I remember her every word and every intonation. I will not repeat what she said, though it will always echo in my daydreams. The broad sense of it was that she was offering me everything...All would fear us and love us and no one could ever touch us.
-Zachary Mason (The Lost Books of the Odyssey)
I've had a bad week. Perhaps even a wretched one. While I try to be a person who believes that the glass is half full, rather than empty, I can't help but feel that the meeting I had this past week with my dissertation adviser has led to many questions--about my project, about the future and about what role I see myself playing in this field. I certainly don't believe that any one person has to follow any particular life path (that would be too simplistic and not allow for the unexpected things that inevitably pop up), but it's always hard to think of yourself as potentially going off into the Great Unknown and forging a new road.

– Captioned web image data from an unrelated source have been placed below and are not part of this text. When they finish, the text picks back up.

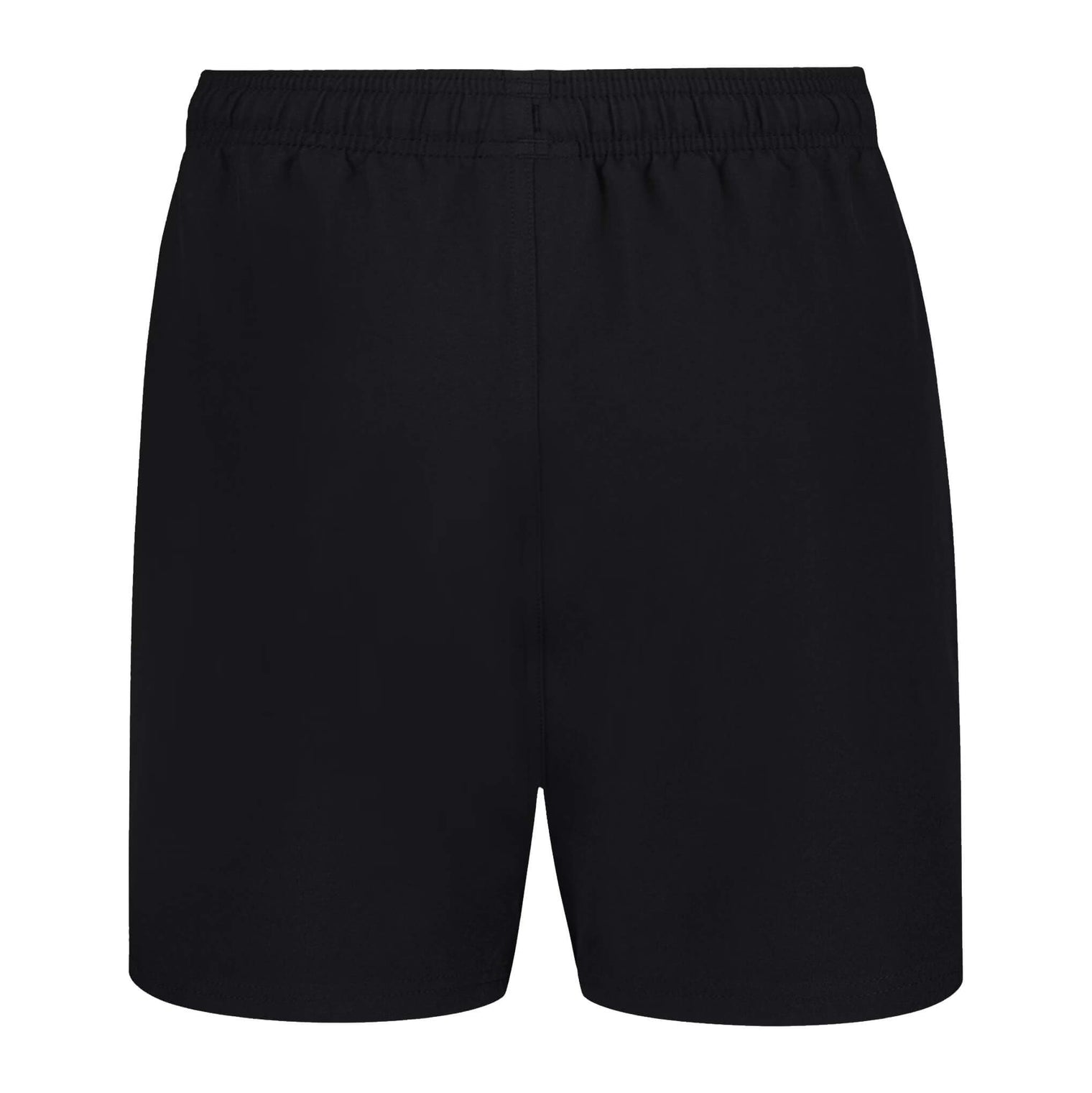 Youth Boys' Under Armour Stretch Short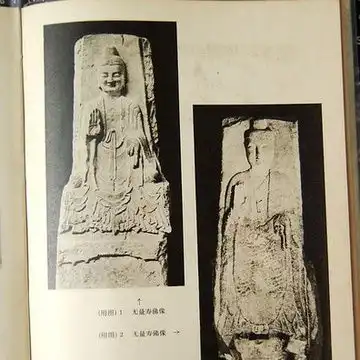 佛教修行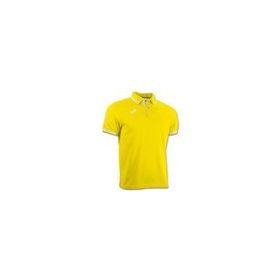 Joma 3007S13.90 Combi Polo Erkek T-Shirt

Mind you, as of this moment and year, these are just thoughts. And not even thoughts that arose in the aftermath of an unpleasant meeting; when your career choice involves the (supposedly dying) humanities, it's always a good idea to be realistic, to think about the roads that haven't been traveled and that you might want to go down in the distant future.
But what does this have to do with green beans? Both everything and nothing. You see, this past Tuesday--the day before the meeting--I went home exhausted after a very full day, but was nonetheless determined to make a recipe from The Essential New York Times Cookbook. Although the book is, in general, a treasure trove of fascinating recipes, I decided to start with Heirloom Pea Pancakes (or a slightly modified version of them). And mainly because both peas and pancakes are two of my favorite things. To make things easier for myself (or so I thought) I had bought sugar snap peas in advance; all I needed to do on Tuesday evening was shell them, puree them and turn them into pancake batter. It all seemed reasonable until I opened the bag of what I thought were sugar snap peas and discovered that I had mistakenly bought green beans instead (how one confuses green peas and sugar snap peas, I don't know. I assume my head was in the clouds, or was already moving onto the search for the perfect cherry tomatoes...).

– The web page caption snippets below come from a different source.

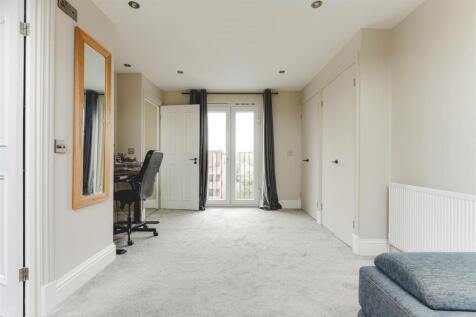 Roding Road-48.jpg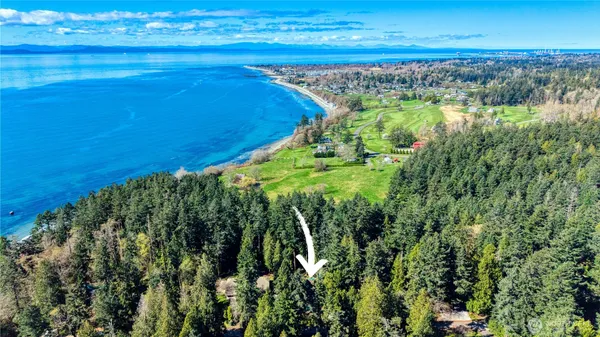 $629,000 | 731 Claire Lane, Point Roberts, WA 98281
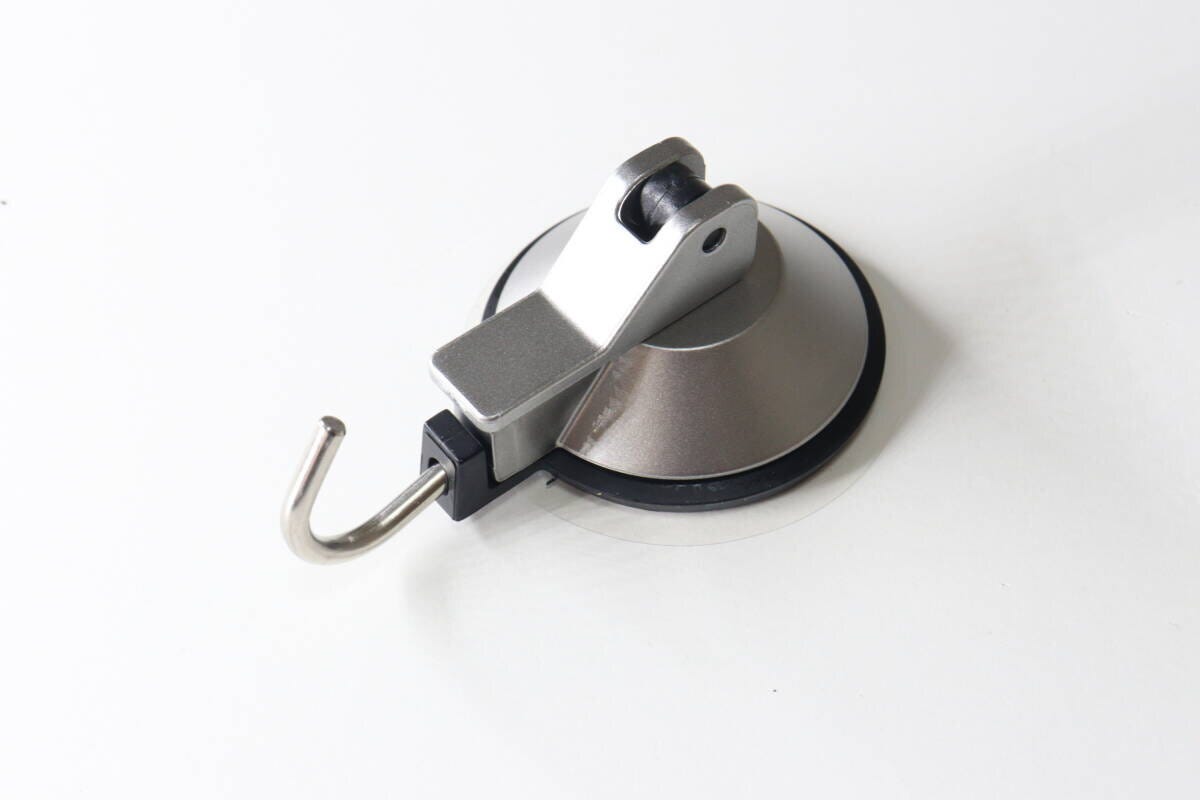 ダイソー キッチンツールフック ダイソーのキッチンツールフック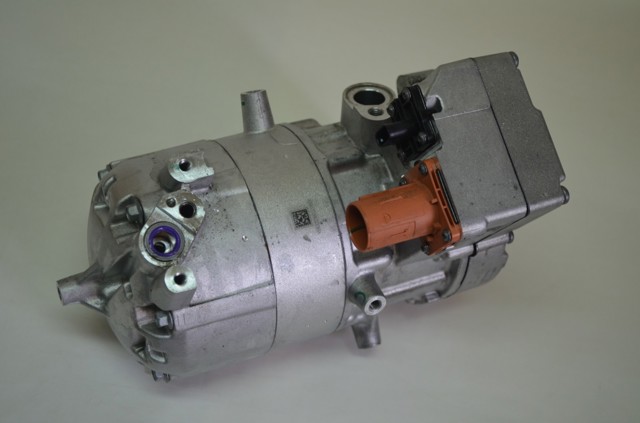 64525A69FB9 купить Днепр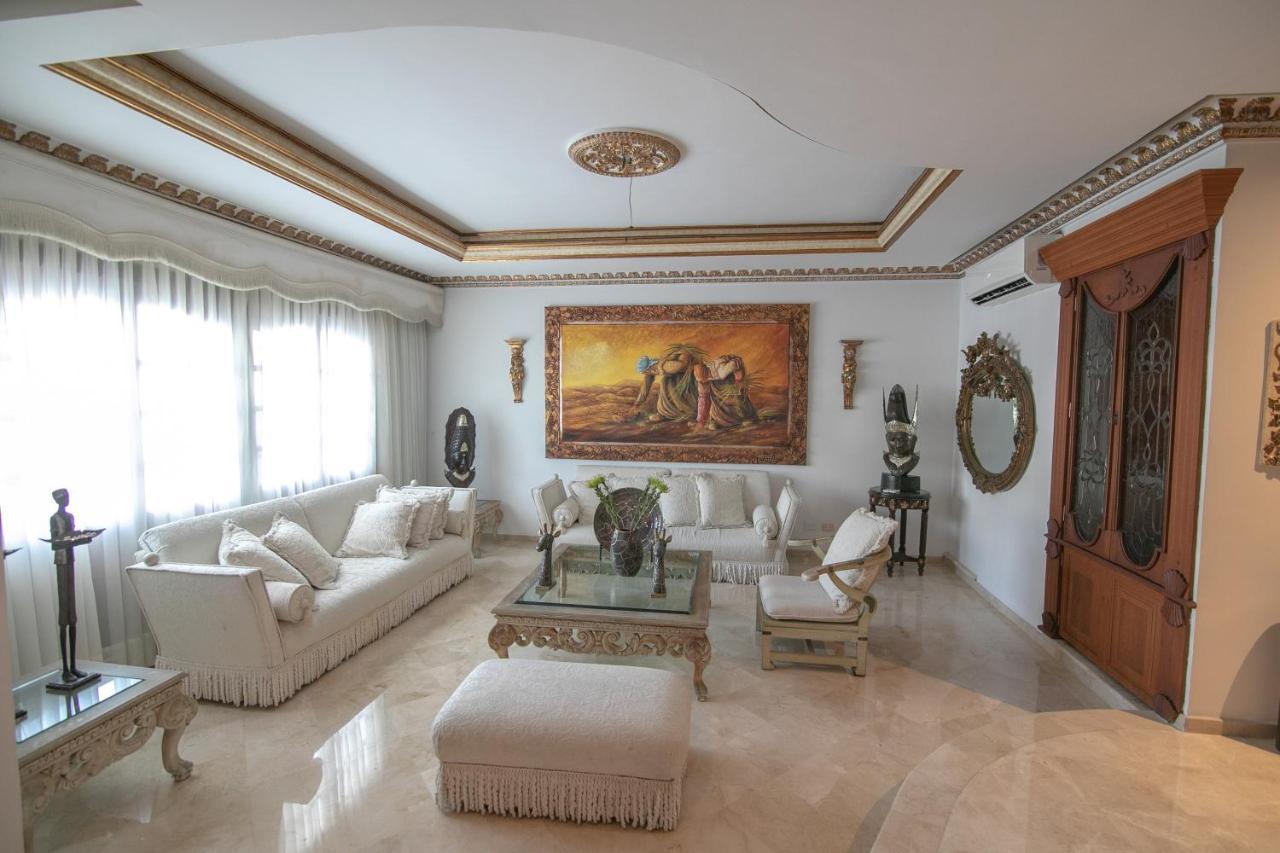 Piemont Hotel Boutique Cartagena Eksteriør bilde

Although I would never say that I dislike green beans (I actually like them a lot), my disappointment was acute. I was not in the mood for green beans, nor did I know what to do with them. Should I turn them into my old faithful green bean salad, or should I find something new to make in the Essential Book? Feeling adventurous, I went with the latter option. I was most intrigued by the sound of Green Beans with Coriander-Coconut Crust (now on my must make list), but, to my great misfortune, I didn't have fresh coconut laying around my apartment. Clearly, it was "Wrong Ingredients 2, Poor Hungry Girl 0." But then I saw something that looked almost too easy and that couldn't fail: Rachel's Green Beans with Dill; in short, a combination of butter, blanched green beans, sea salt, pepper and dill. I could make that; I had everything on hand. The Poor Hungry Girl had finally won a point(!); she even got another after having decided to personalize the recipe by adding half a cup of crumbled feta and lemon juice to the mix (if you can't have pancakes, you might as well have cheese).
If you're still unsure about how academics and green beans go together, the point is that sometimes you don't get what you want (yes, Mick Jagger strikes again). While you can sulk and lament disappointing meetings or missing recipe ingredients, you've also got to work with what you have; as a friend of mine suggested, "go on the offensive and hopefully come back swinging." A lot of the time, by being proactive, what initially seems disappointing can turn into something wonderful; you just have to choose to be ok with the unexpected, to make it work for you. Trust me. And if you don't, make these green beans and you'll instantly understand.
Rachel's Green Beans with Dill
Yields 4 servings of flavorful and crunchy beans
Adapted from The Essential New York Times Cookbook
4 large handfuls green beans, trimmed
2 Tbsp. unsalted butter
2-3 Tbsp. chopped dill (or 1 to 1/2 Tbsp. dill weed)
1/2 cup crumbled Feta cheese
-Fill a pot with water, season with salt and bring to a boil.
-Plunge the beans into the water and cook for 3-4 minutes, or until tender. You want the beans to be firm, not droopy.
-Drain, then return the beans to the pot.
-Add the butter, stir in the dill and then the feta, lemon juice and season with pepper.
-Toss the beans over low heat until the butter is melted.
-Taste and adjust the seasoning--it may take a little extra dill and salt to reach the perfect flavor combination.